In the early eighties, a European ambassador in Mexico told me that she’d gone to see the pyramids of Teotihuacán. On the way, she observed a phenomenon that contradicted everything she’d learned from the preparatory materials with which her Foreign Ministry had provided her, these materials which had characterized the country as a socialist nation. She expected a conformist and timorous population. What she found, literally from the moment she advanced along Mexico City’s Insurgentes Avenue toward Indios Verdes, was the most enterprising population she’d ever seen: no corner was bereft of a vendor of sweets, magazines, cold drinks, and on entering the zone of the pyramids, it was replete with sellers of handicrafts and evocative playthings of the most diverse type.

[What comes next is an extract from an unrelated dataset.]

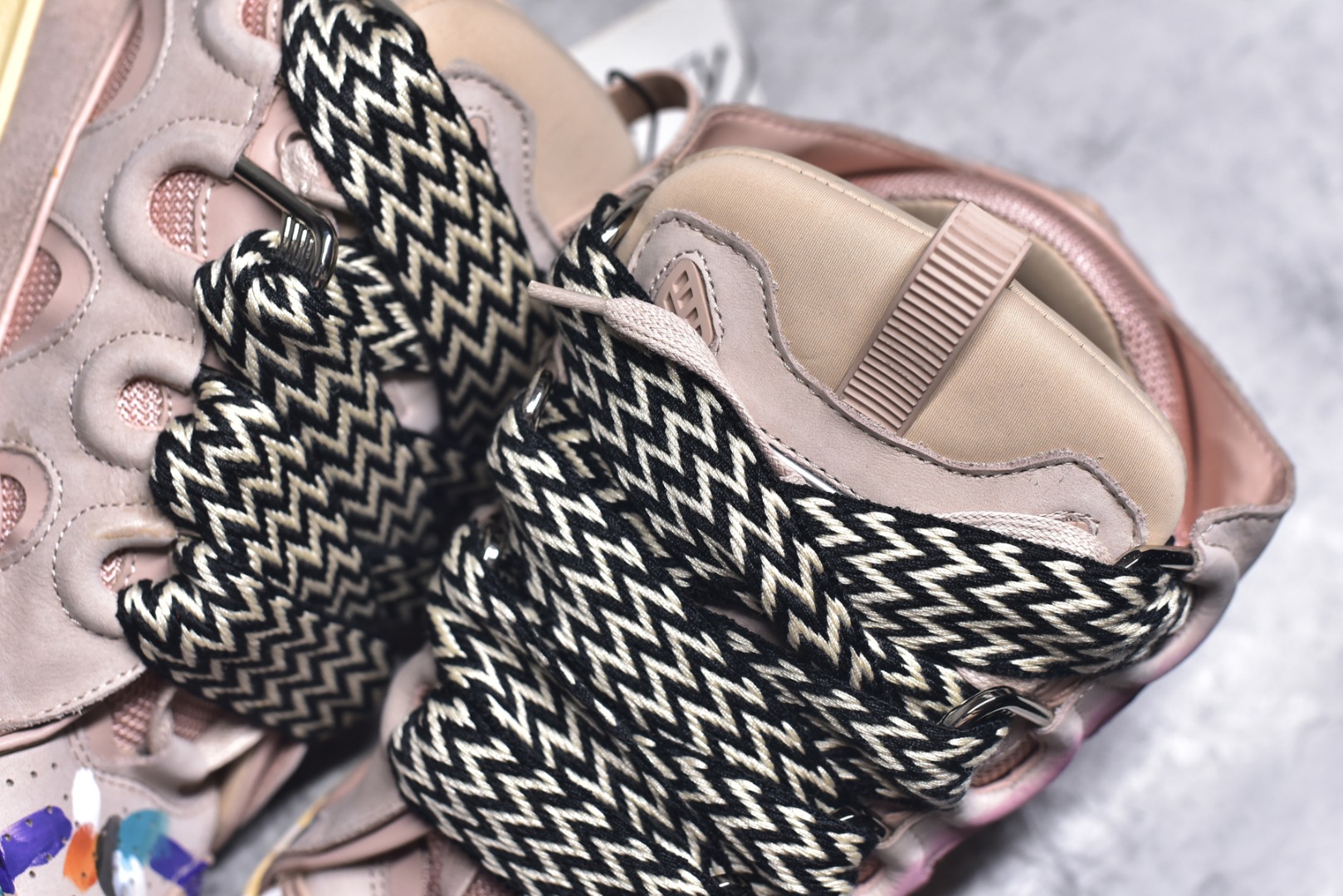图片[9]-#Lanvin Curb Sneakers 浪凡面包鞋 泼墨色 东莞纯原 高端定制版 LANVIN浪凡三代 最新走秀款Curb系列 休闲运动面包鞋 官网一出热度火爆整个全球 各大网红也疯狂上脚 原版一比一开模重工艺制作 全鞋身采用东莞代工厂进口牛皮/环保牛反绒 进口电脑针车 数控针距精准无差 鞋头面冲孔整齐利落 金钢网织物 随机3D电喷泼墨 原磨具私模双色TPU大底 内里柔软透气太空棉面料 原版一致定制鞋带 全套原版一致包装。 尺码：35 36 37 38 39 40 41 42 43 44 45 46 47-选品中心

The creativity of the Mexican may be noted in all aspects of life, but above all in their hunger for getting ahead, for which they work longer hours than in many countries, many more than the average in the nations of the Organization for Economic Co-operation and Development (OECD), a testament not only to their willingness to work, but also to Mexico’s very poor socioeconomic organization, rendering as it does such low productivity levels. The differences in the nature and quality of the educational and health systems, as well as a greater investment in the infrastructure of other OECD nations, translate into much higher levels of productivity.

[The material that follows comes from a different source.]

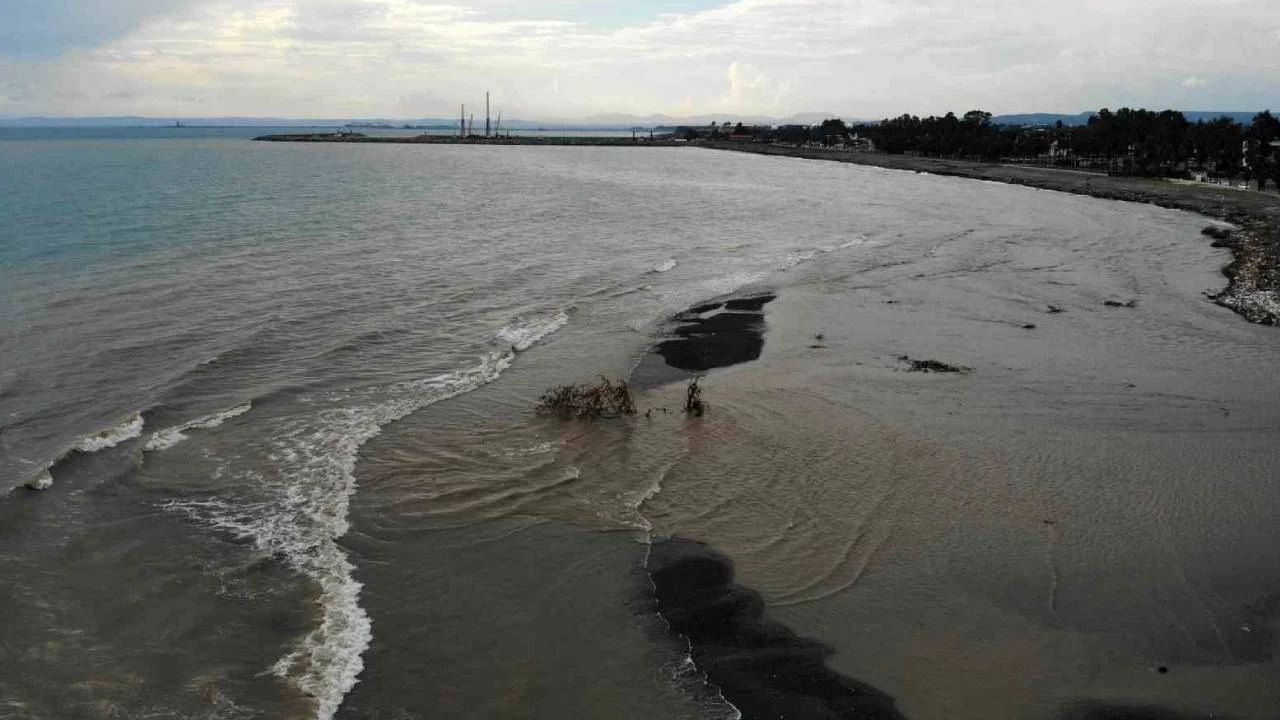 Hatay'da denizin rengi de�i�ti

Another way of phrasing this is that the Mexican possesses an enormous propensity for procuring innovative ways of creating, resolving problems and setting up shop. Mexicans in the United States tend to create enterprises with great celerity because they discern opportunities and attempt to convert them into realities for their own greater well-being. There as well as in Mexico, the key lies in that no one has their life all tied up with a red bow for them in advance.

Mexicans work because there’s no other way, but nearly always they work without ideal instruments or with tools that are very poorly prepared for being successful, especially the poor-quality and inadequate education provided to them by the educational system. Despite that, their attitude and disposition do not falter because their skills and tool kits are lacking in comparison with those of other nationalities. They work and put forth their best effort to this in life, but, above all, they work to generate wealth, without which no government would have anything to distribute.

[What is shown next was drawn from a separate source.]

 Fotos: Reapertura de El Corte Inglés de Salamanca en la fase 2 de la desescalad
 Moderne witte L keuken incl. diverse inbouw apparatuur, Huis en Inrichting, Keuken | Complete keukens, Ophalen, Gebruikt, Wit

Contrariwise, when a government opts for giving away money for people not to have to work, it impedes the creation of wealth and inhibits personal development. Of course, not all jobs are equally desirable, remunerative or satisfactory, but all contribute to the development of people, therefore to that of families and countries. To eliminate the incentive to work implies destroying the essence of life itself and, consequently, that of the nation.

At the beginning of the 20th century, Argentina was of the wealthiest nations in the world, comparable with the European ones or the United States of the epoch. The combination of natural resources, a fundamentally middle-class population and a disposition to work led to the consecration of a successful nation. One hundred years later, the profile of Argentina is very different, with a very much lower range of product per capita. One of the main reasons for this fall was the disincentive to work and to create wealth incorporated into the Peronist strategy of subsidizing workers and women, children, older adults, the unemployed and persons who retired after only a few short work years. When people do not have the need to work because the government systematically subsidizes them, the country begins to break down.

It is within this context that the recent proposal by the Morena-party candidate looms so dangerous and pernicious with respect to the function of the government in this matter: “It is not true, it is false, that if one does not work, then one cannot have a good living standard. That is the discourse of the past. Here the government, the Mexican State, has to provide support.” One thing is to “support” older adults who no longer entertain the possibility of contributing to the nation’s productive life and another very different one is to subsidize everyone because work is not important. That would imply not only that depending on the government is a virtue, but that, in addition, people do not have the right to develop themselves. Worse yet, that work is not a form of progressing, realizing oneself and contributing to personal, familial and national development.

The reason is obvious why the Morena presidential candidate thinks of work: as past President Porfirio Díaz said, “A dog with a bone in its mouth neither bites nor barks.” But, beyond creating clienteles, Gertrude Himmelfarb had a most appropriate idea concerning the issue: “Work, if not sacred, is essential not only to their sustenance but to their self-respect.”